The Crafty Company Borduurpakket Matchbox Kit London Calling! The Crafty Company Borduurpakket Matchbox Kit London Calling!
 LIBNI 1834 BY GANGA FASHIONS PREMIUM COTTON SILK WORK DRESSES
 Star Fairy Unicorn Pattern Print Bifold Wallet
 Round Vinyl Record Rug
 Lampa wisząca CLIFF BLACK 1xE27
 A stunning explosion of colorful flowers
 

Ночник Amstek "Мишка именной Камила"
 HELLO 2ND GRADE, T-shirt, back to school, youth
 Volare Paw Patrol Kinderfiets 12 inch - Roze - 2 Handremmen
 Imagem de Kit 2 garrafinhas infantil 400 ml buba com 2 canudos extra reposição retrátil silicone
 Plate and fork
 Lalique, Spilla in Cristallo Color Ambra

----

> [WHAT IS BEING ASKED]
Starting with the line that contains "Imagem de Kit", restate every line up to and including the last one above, exactly.

> [TASK ANSWER]
 Imagem de Kit 2 garrafinhas infantil 400 ml buba com 2 canudos extra reposição retrátil silicone
 Plate and fork
 Lalique, Spilla in Cristallo Color Ambra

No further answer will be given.